C’è un approccio molto più funzionale e morbido alla nostra sofferenza: innanzitutto, entrare in contatto con le nostre emozioni, anche con quelle più negative e spiacevoli. Ascoltarle, lasciarle parlare, cercando di comprendere intimamente qual è il motivo per cui sono venute a trovarci. Ogni volta che avvertiamo segnali spiacevoli arrivare alla nostra coscienza, non importa quali siano, dovremmo fare in modo da fermarci e porci in una posizione di ascolto. Porsi in ascolto facilita e velocizza il processo di guarigione e di trasformazione. Quando le nostre emozioni ricevono ascolto e attenzione, non perdono tempo a rivelare ciò che realmente vogliono dirci, qual è il messaggio che sono venute a portarci.

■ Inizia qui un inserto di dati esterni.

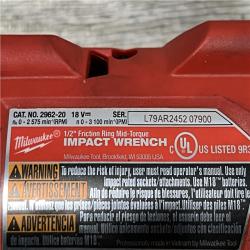 AS-IS Milwaukee FUEL 18V Lithium-Ion Brushless Cordless 1/2 in. Mid-Torque Impact Wrench with Friction Ring Kit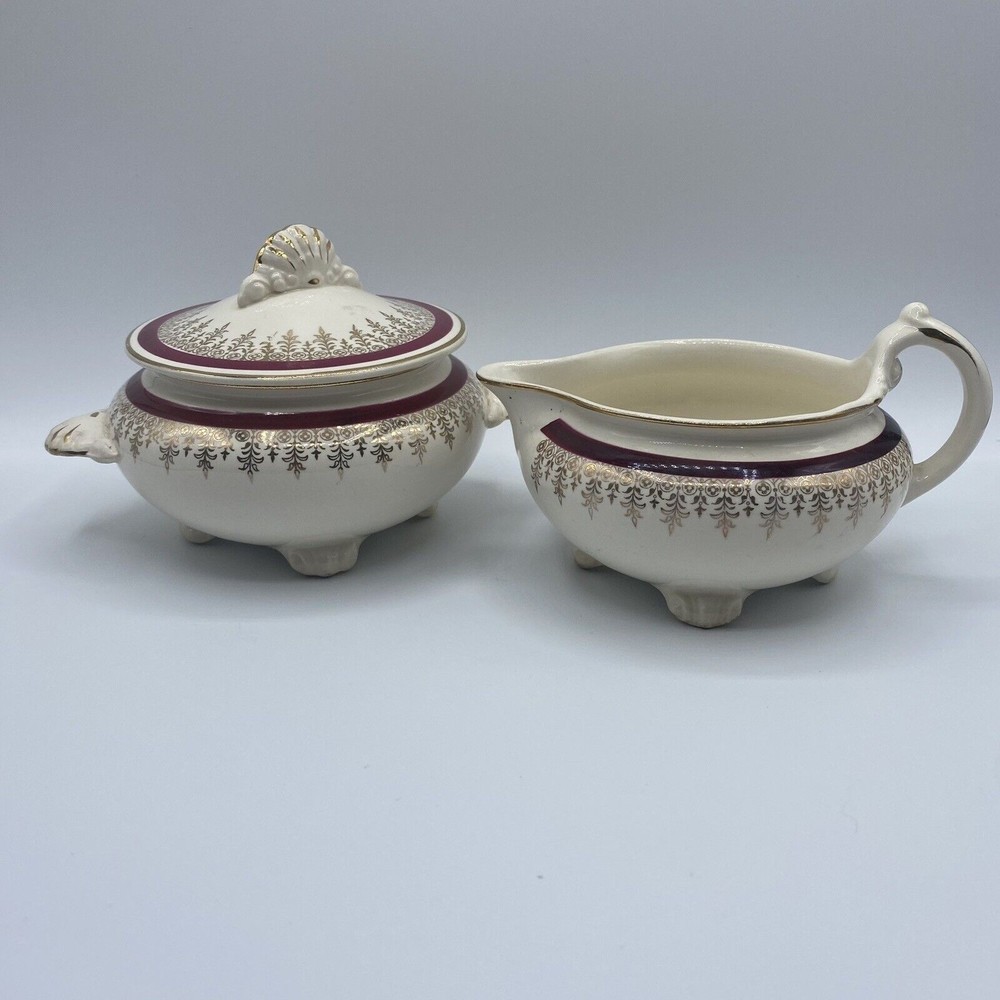 Homer Laughlin Nautilus Creamer and Covered Sugar‎ Bowl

Forse quell’emozione di disagio è venuta a dirci che abbiamo semplicemente bisogno di più tempo per riposare, o invece è venuta a svelare un messaggio ben più importante, forse che non stiamo più bene nella relazione con il nostro partner o sul lavoro. Che il messaggio sia grande o piccolo, che sia più o meno importante, se ascoltiamo, la guida che ne riceviamo ci aiuterà a cambiare la nostra vita e lenirà i sintomi che prima tanto ci impressionavano.

In un certo senso, il nostro malessere si mostra per svegliarci, viene a scuoterci per tentare di aiutarci, e per questo possiamo essergliene ragionevolmente grati. I sintomi sono una guida e un campanello di allarme, ci avvisano di ciò che nella nostra vita non è profondamente allineato con ciò che davvero siamo e desideriamo. Una volta che iniziamo a notare come le nostre emozioni ci guidano sottilmente verso le soluzioni, diventa molto più facile fidarsi di loro.

A volte ci accorgiamo che abbiamo sprecato la maggior parte del nostro tempo cercando di arrivare ad avere una vita “perfetta”: cerchiamo magicamente di arrivare in un luogo ideale in cui non abbiamo problemi emotivi o fisici, e ci illudiamo che questo ci renderà felici. Ma quella della vita perfetta è appunto solo un’illusione, che provoca frustrazione e altra inutile sofferenza. Ha senso invece impegnarci a lungo termine con noi stessi, ovvero decidere di prenderci cura di noi e delle nostre vite, a prescindere da cosa potrà accadere. Provare ad avere un minimo di fiducia nella vita e nello scorrere del tempo, con la chiara consapevolezza che alcuni dolori non potremo risparmiarceli, e che a volte non esisteranno soluzioni facili o veloci, e che ci toccherà comunque fare la nostra parte.

Prendendo questo impegno con noi stessi, la guarigione da un certo tipo di sofferenza scaturita dalla non accettazione delle nostre stesse emozioni e dai messaggi che queste recano con sé, può avvenire più velocemente e con più gioia e facilità durante tutto il processo. Proviamo a smettere di resistere alle nostre stesse emozioni e a ciò che viene a trovarci di noi stessi sotto forma di “negativo”. E se le nostre emozioni non fossero qui semplicemente per ferirci? Se volessero indicarci la strada migliore per andare avanti?